The San Dominick is a ghastly ship of state that bears as its figure-head the shrouded skeleton of a murdered man: the owner of the slaves on board. Yet, it is not the murdered man's ghost that haunts the ship. Instead, the slave ship is haunted by the inverted shadow of its own hierarchical order. Every act of master or slaves on the San Dominick is haunted with the fleeting traces of a counter-order in which slave is master and master is slave. The hints of a counter-order are signs, undecipherable to the Yankee Captain, of the perspective, the will, and the rage of the slaves made Other by a discourse that strives to define them as nothing but subjugated bodies.(1)

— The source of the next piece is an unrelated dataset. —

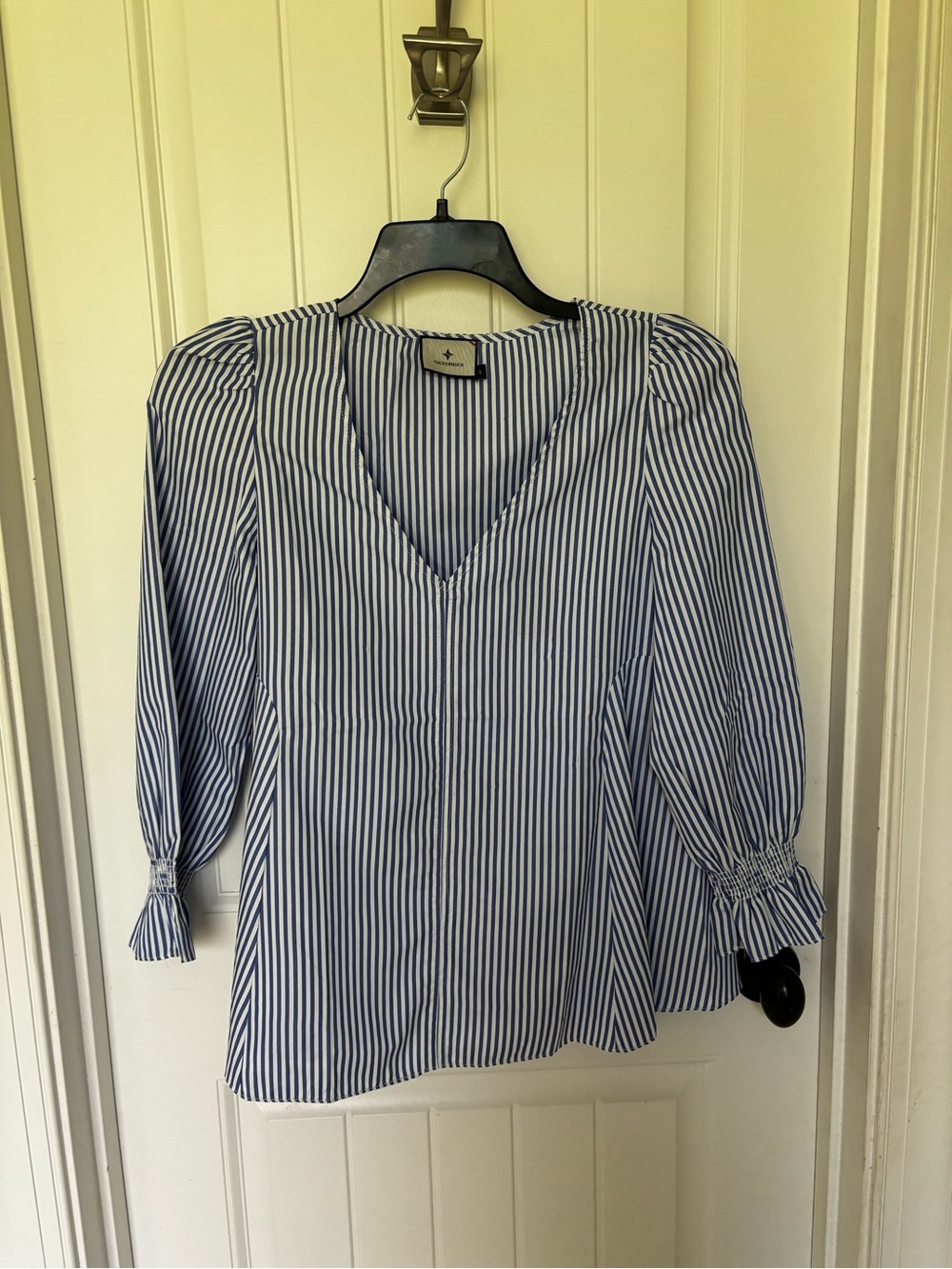 Tuckernuck Blue & White Striped V-Neck Puff Sleeve Blouse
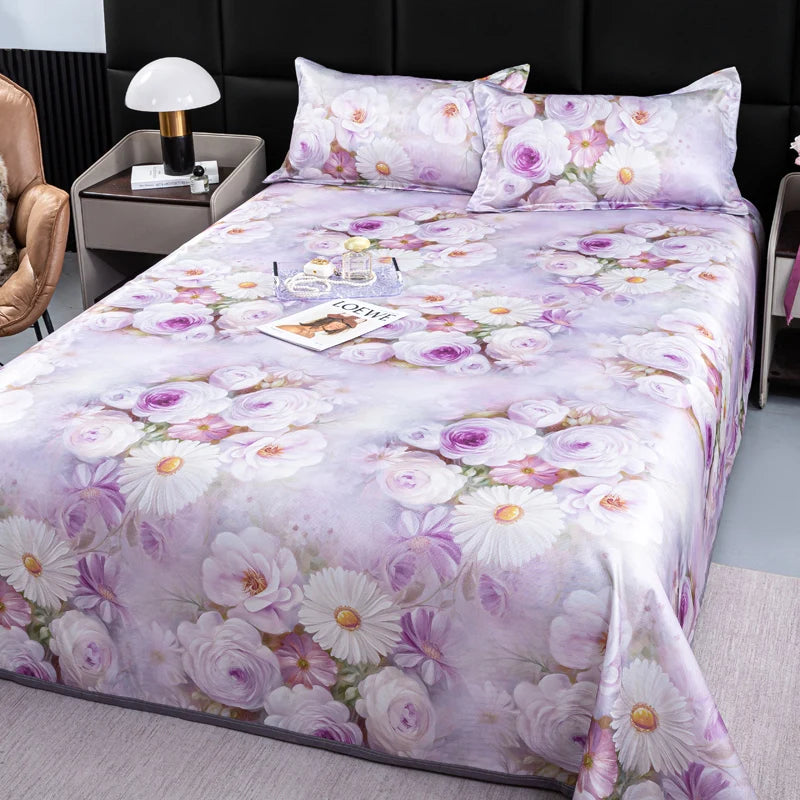 drap lit complet fleurs classique vert clair bleu clair beige violet rose adultes chambre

From the start, Melville's story points to the limits of his own Western discourse that make it vulnerable to haunting. Melville constructs the terms of the scientific discourse as paradox. On the one hand the Western rationalism that seeks to exert control over the ship and its cargo of slaves is a perspective so widespread that it yokes in brotherhood the aristocratic captain of the slaver, Don Benito, and the "innocent" Yankee, Amasa Delano. (Melville's setting--ships at sea--calls to mind the rationalized methods of cartography and navigation that first made the enslavement of Africans possible and profitable, as Renaissance maps linked Europe, Africa, and the Americas.) On the other hand, the would-be bearers of rationalism, epitomized by Captain Delano, are not objective. As widespread and scientific as the Western discourse is, its very nature as a discourse prevents objectivity: it constructs its terms against an Other--"The African"--and it must suppress its recognition of those features of the Other that do not fit its categories.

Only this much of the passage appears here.